TASK STATEMENT
Starting with the line with "Ladies’ Ora Polo Shirt" in the entries below and going on through the line with "Snapshot of AmandaSell", output every line exactly and nothing more. No pictures.

WORKING DATA
※

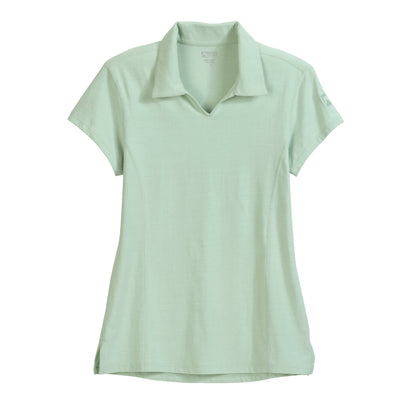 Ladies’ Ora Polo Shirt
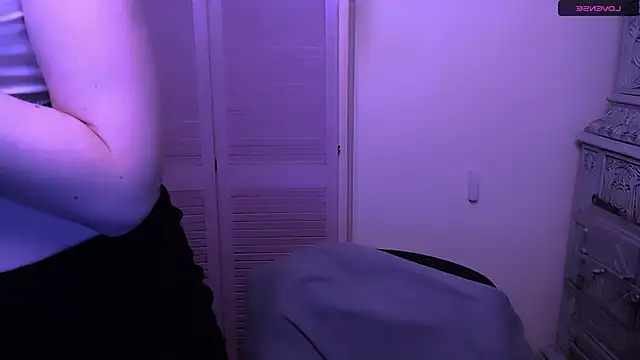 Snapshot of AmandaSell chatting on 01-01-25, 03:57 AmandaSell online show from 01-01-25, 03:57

※

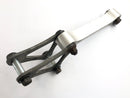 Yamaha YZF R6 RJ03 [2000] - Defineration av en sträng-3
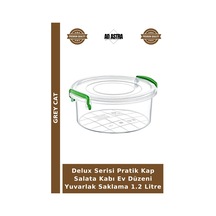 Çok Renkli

※

TASK ANSWER
 Ladies’ Ora Polo Shirt
 Snapshot of AmandaSell chatting on 01-01-25, 03:57 AmandaSell online show from 01-01-25, 03:57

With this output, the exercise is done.